**Exercise prompt:**
Only the lines from the one containing "Wall Mural - Bronze" to the end of the data below belong in the answer, each repeated exactly; no pictures.

**Data for review:**
>>>
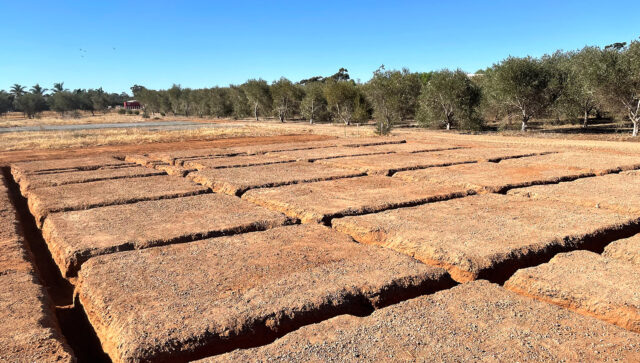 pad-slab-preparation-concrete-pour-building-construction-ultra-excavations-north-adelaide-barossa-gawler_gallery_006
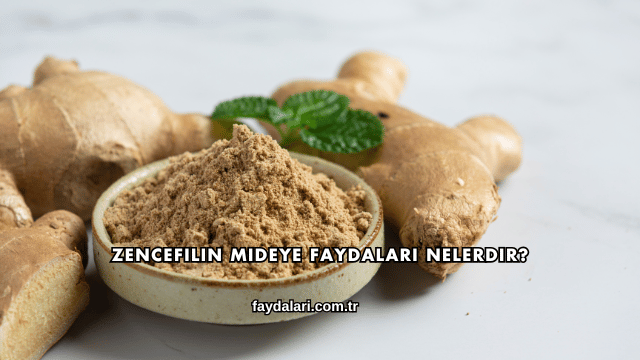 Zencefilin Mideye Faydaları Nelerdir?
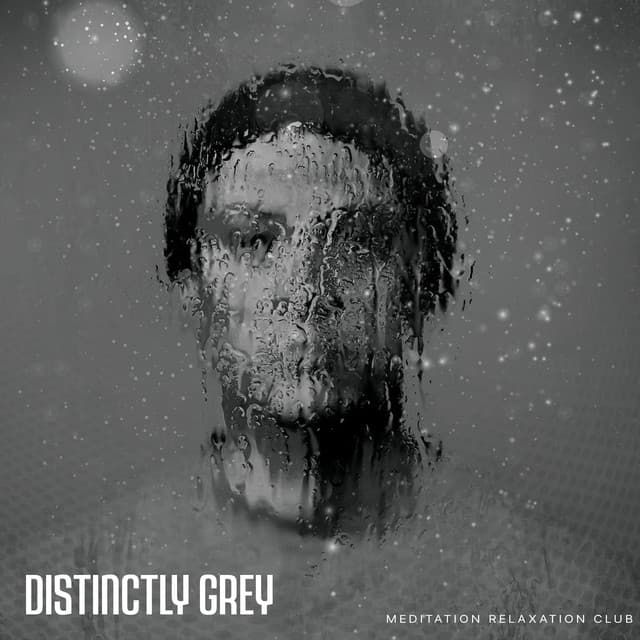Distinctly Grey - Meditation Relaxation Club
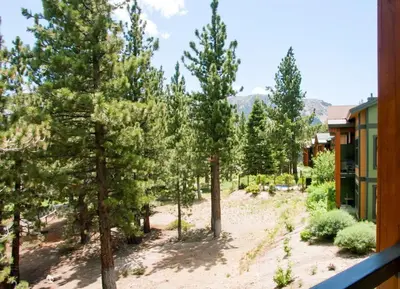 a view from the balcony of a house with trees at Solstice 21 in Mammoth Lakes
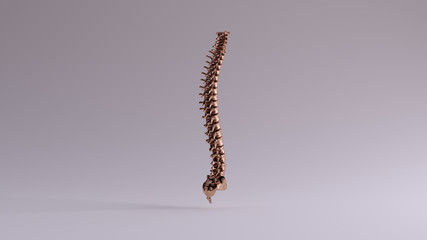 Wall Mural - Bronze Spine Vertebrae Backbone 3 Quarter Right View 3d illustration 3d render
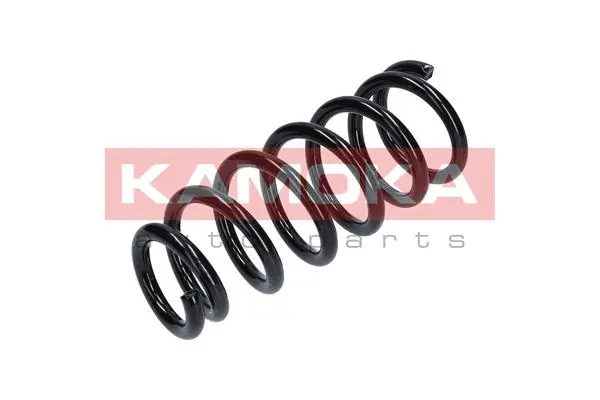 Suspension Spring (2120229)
<<<
**Response to this exercise:**
 Wall Mural - Bronze Spine Vertebrae Backbone 3 Quarter Right View 3d illustration 3d render
 Suspension Spring (2120229)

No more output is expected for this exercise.